Sam held his right arm up in front of him and turned it this way and that. He let Special Agent Kitt admire his Mech arm.
“I’m going to make my way to an area above the command deck. I’ll rip the deck plates up and send my team in, then I’ll drop Beretta before he knows what happened.”
“That’s not bad, Commander, but the chances of you landing right on top of Beretta are pretty slim. And the sound of the composite being torn apart above his head is going to get his attention. I can get in there without even opening a door.”
Kitt waved her to enforcers to her. “I’ll take position underneath the command deck.” Kitt raised her wrist and accessed the ship’s schematics on her holostage. She highlighted the location. “I’ll send my enforcers in, and they will apprehend Beretta. You create your access point here—” Kitt pointed to a location directly above the command deck. “—and infiltrate with your Marines. Take down Beretta’s crew and secure the command deck
.”
Sam synced his holostage with Kitt’s.
“See you on the command deck, Special Agent,” Sam said. He held his hand up as a signal to his squad to get ready. And then with a flick of his hand forward, Sam moved off into the corridor, the Marines moving behind him. He moved smoothly and quickly along the corridor, making his way to the point where he would breach the command deck from above.
“I don’t understand why a man of your talents wastes so much time trying to get a shortcut,” Jack said, looking up at Beretta from where he knelt in the middle of the command deck floor. “Why not just get involved in helping the fleet find a new home for the civilians?”
“The fleet?” Beretta chuckled and stepped over to the holostage. He tapped the console and the image of the civilian transport shrank away, finally disappearing from the holostage. “The fleet is doomed. It’s too big, too slow, and too much of a tasty target. The only way to survive is to go it alone.”

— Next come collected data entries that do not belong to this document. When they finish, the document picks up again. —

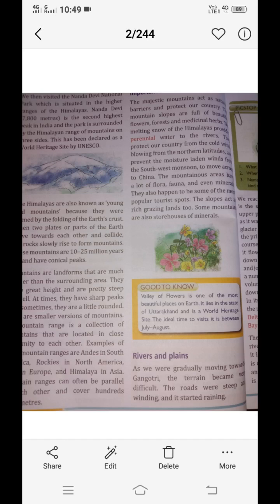When they reached the glacier, they were amazed that the water was very clean. In the upper course where the Ganga originates, the speed of the water is very high. When the river flows in the mountain region, it flows with great intensity because the slopes are very steep. When the slope is very steep, the speed of the water will be high.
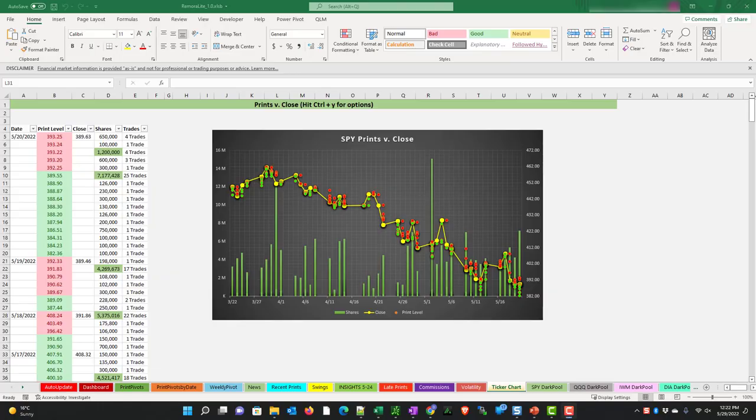Hey everyone, Eman here with remoralight.com. In this video, we're going to look at the ticker chart tab.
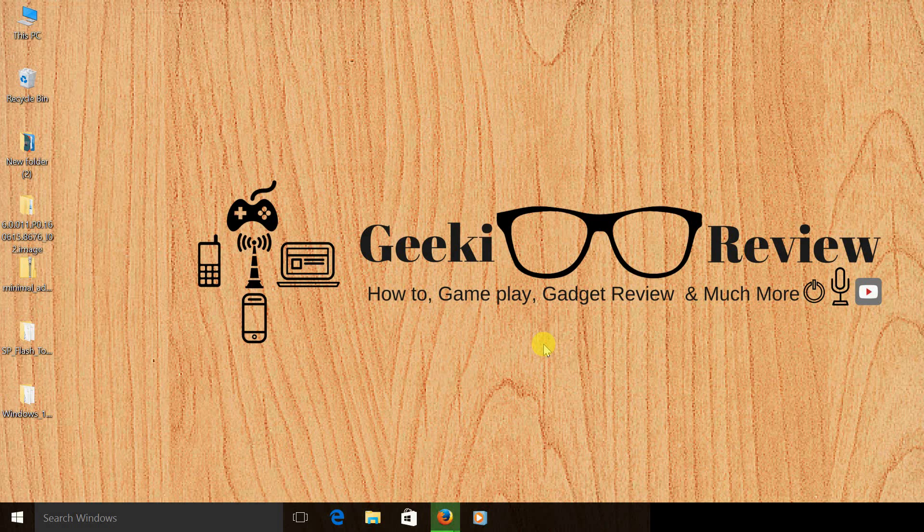Hi guys, this is Kevin here from the GeekReview channel, and in this video we are going to learn how to install Marshmallow on our Coolpad Note 3.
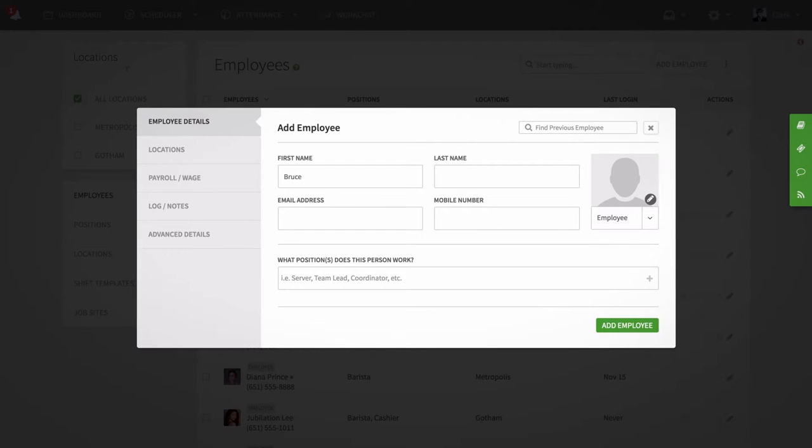If you do not want them to be invited right away to When I Work, then be sure to leave the email and mobile fields blank.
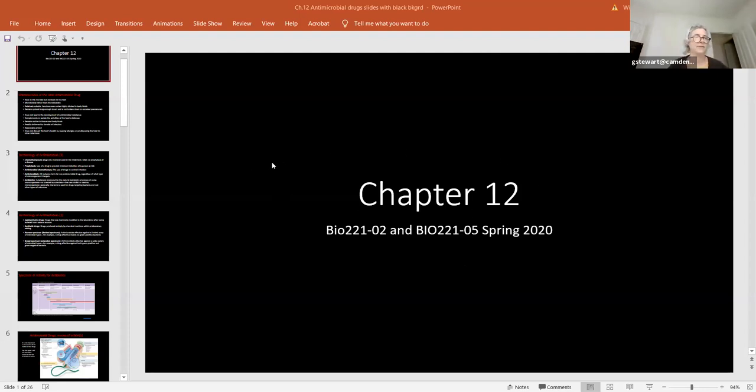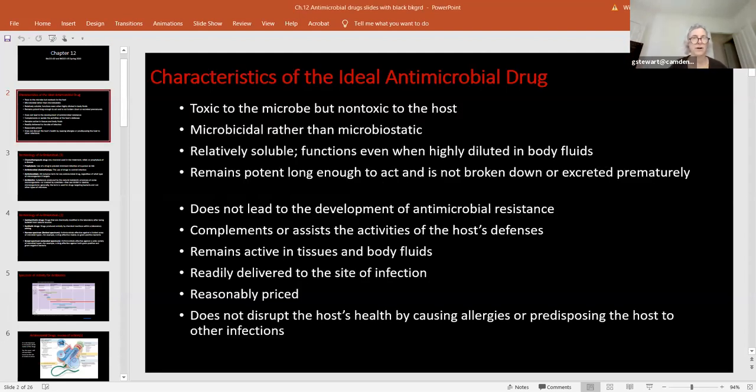That finishes up Chapter 11. For Chapter 12, I put up some Connect assignments — they're really short because I don't want you to spend a lot of time studying stuff in Chapter 12 that's not going to be on the test. I thought we could go through the PowerPoints quickly. This PowerPoint has a dark background — I used it for spring because it stood out and was easier for me to read. This section here is the ideal characteristics of an antimicrobial drug. This whole chapter is about antimicrobial drugs and antimicrobial therapy.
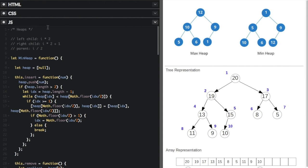A binary heap is a partially ordered binary tree which satisfies the heap property. It has some similarities to a binary search tree except the order is a little different. Each node has at most two child nodes. The heap property indicates a specific relationship between the parent and child nodes.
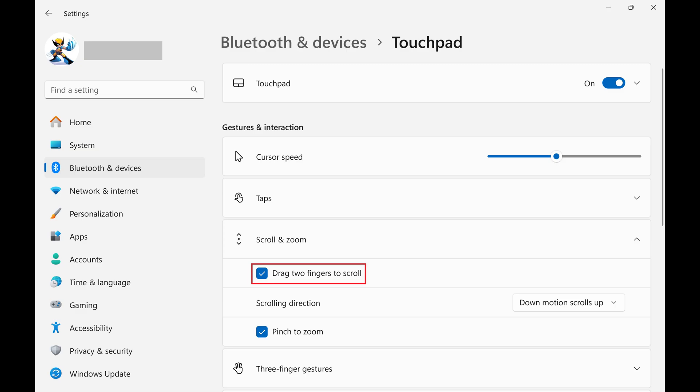Click to remove the check mark in the box next to Drag Two Fingers to Scroll. Going forward, dragging two fingers over your Windows 11 touchpad will no longer scroll up or down.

Beretta tapped the side of the holostage and accessed the ship’s sensor net. He zoomed in on the image of the Scorpio, surrounded by Skalidion fighters.
“Take a look at this, Jack,” Beretta said. He turned his back on the holostage and leaned against the edge. He grinned. “This ship, one of the fleet’s finest, is getting absolutely smashed by a group of tiny fighters.” Beretta turned and looked at the holostage. “Just look at that ship, it’s going to be burned out of the void before too long. You think the fleet is going to be safe? The people on this ship are doing better with me in charge. At least they stand a chance of surviving.”
“Don’t pretend you’re doing this for anyone but yourself. You are no hero, Lou. You’re a thief. Even if you are stealing something this size, it doesn’t make you anything other than a common thief.”